Kilborn: They do, but where it really helps is we have had the product for 11 years, but by no way are we the only ones that know how to skin a cat. A lot of times, somebody else has already tackled this, so we use their client connect as well as our own relationship with them to reach out to other folks and find out how are you doing this?
Two of the most challenging things in qualifying for stage 7 was the deployment of barcoding for breast-feeding and blood transfusions. Those are two difficult solutions to get in place. You’re talking about a significant change in the workflow, particularly in the clinical area with the barcode. So being able to reach out across the country to so many accounts that we showcased for has been invaluable to us. Like I said, there’s several ways to skin a cat and somebody’s already done it.
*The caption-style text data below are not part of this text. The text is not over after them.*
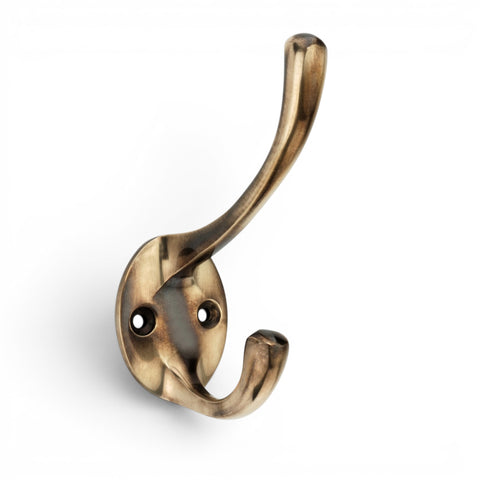 Solid brass Victorian double coat hook in an unlacquered aged brass finish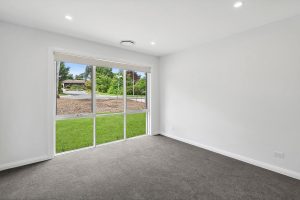 White-framed residential window overlooking a green garden at a Higgins home, installed by Performance Windows.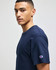 A navy short sleeve t-shirt featuring a logo on the sleeve. The model is facing sideways.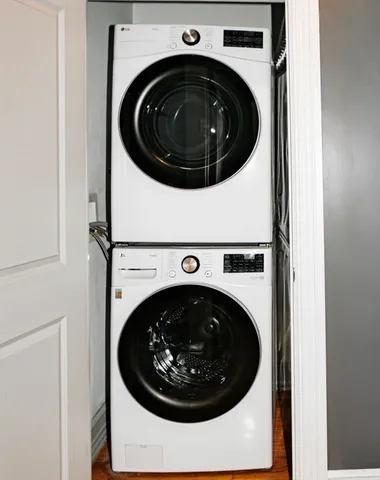 a view of gallery with wooden floor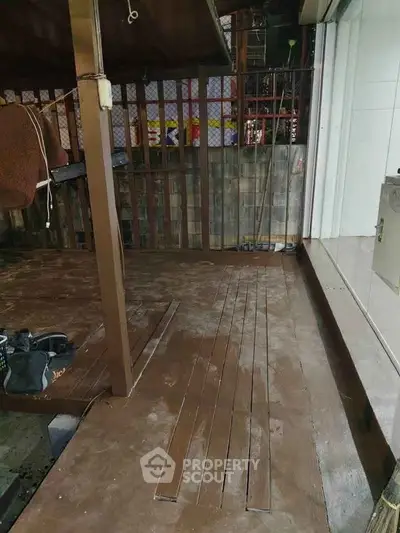 Spacious wooden deck area with potential for outdoor living space.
Gamble: How did you work through those challenges with the barcoding in stage 7?
Kilborn: Actually, it was the vendor. We use Sunquest, and they worked very closely with us. When you’re working towards stage 7, you have to have all hands on deck, and I have say that Allscripts, the IT staff here, and Sunquest worked closely to bring a solution into place. It was just a great partnership between vendors and the client.
We managed to pull it off in about a month and a half. It was a tremendous work effort by the lab getting that set up. There’s not a whole lot of IT involvement in rolling out the blood transfusion barcoding. That’s mostly a work effort that originates in the lab, and the workflow is affected tremendously up on the floors where they actually will have to do the validation of the barcoding.
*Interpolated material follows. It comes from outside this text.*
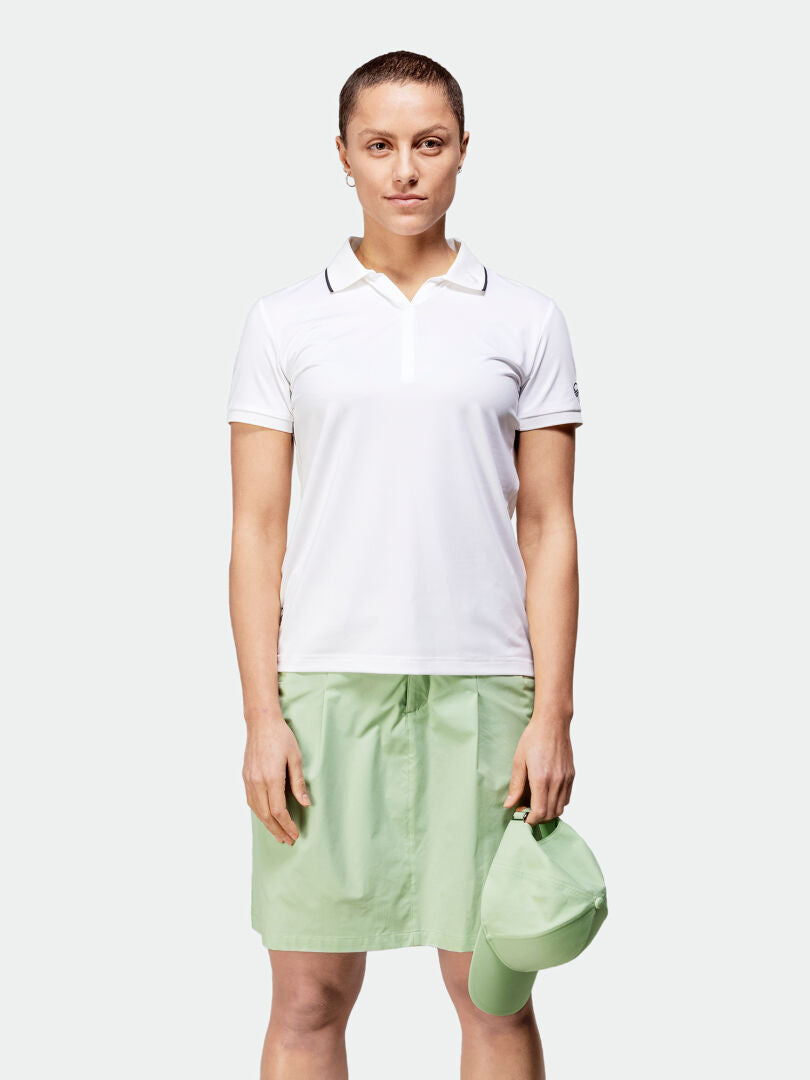 Nainen valkoisessa poolopaidassa ja Halti Drive X-stretch -shortsihameessa seisoo vihreä lippalakki päässään valmiina ulkoiluun.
Gamble: In terms of the decision to go after stage 7 so quickly after reaching stage 6, was that something where you kind of didn’t want to lose momentum or what was the thinking there because that’s a quick turnaround?
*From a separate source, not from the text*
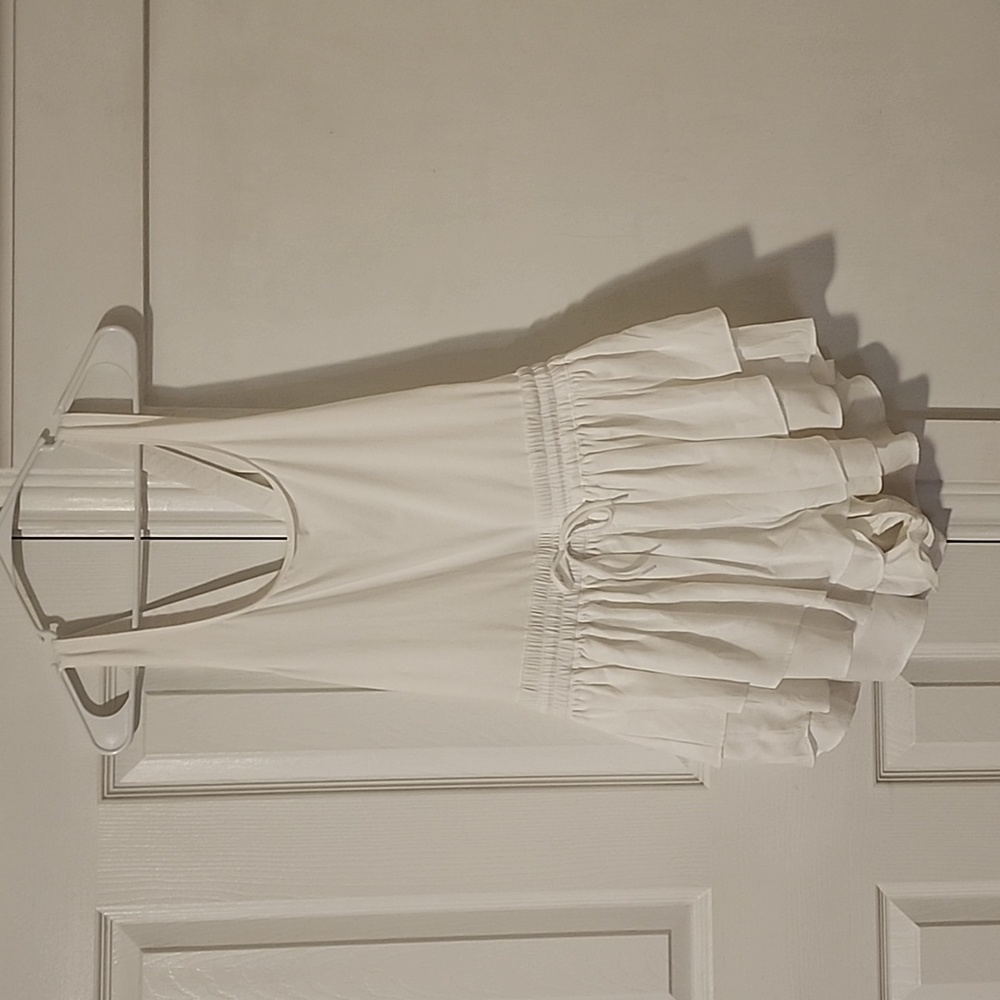 White one-piece, ruffled short bottom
Kilborn: I can tell you, I’ve been to Springhill 15 years, and there’s never been a lack in momentum here, so that certainly wasn’t the driving force. The president of this hospital, Jeff St. Clair, made the decision back in 2003 when I think something like 2.5 percent of hospitals were using the EHR. He saw the value of the EHR and how it was going to change the landscape for healthcare. Making that decision early on to ask our doctors, again, in this competitive market place, to put down their pens and pencils and say, ‘throw that chart away, we have a new way for you to do it’ — that was quite a bold move. Everything we have done in Springhill is not necessarily based on momentum, but driven by reaching the best outcomes. Everything we do here is quality-driven. We don’t do anything just because somebody says we need to do it. We do it because we know it’s the right thing to do and because that’s what we need to do. The hospital realized technology’s place in the future a long time ago, and that’s why I was so attracted to work here at Springhill. They understand that technology compliments the quality care they are known for at SMC, and it is a tremendous marketing tool with your referring physicians. If you can make life simpler for your referring physicians and help them improve patient outcomes and their operations, then everybody’s going to do well.
In terms of the technology in trying to maximize the potential of the solution here and Mr. St. Clair recognizing that back in 2003, we got quite a jump on the competition. In fact, many were singing our death song when we deployed, because as you might very well expect, there was some pushback. You have guys that have been doing something for 40 years in the twilight of their career, and then you tell them, ‘We want you to change the way you’ve been doing everything for the last 40 years’ — that’s a tough pill to swallow.
And so the effort to reach stage 7 was driven by improving outcomes both for ourselves, certainly from a business perspective, but the number one reason is to improve our clinical outcomes and to build on our relationship with our referring physicians.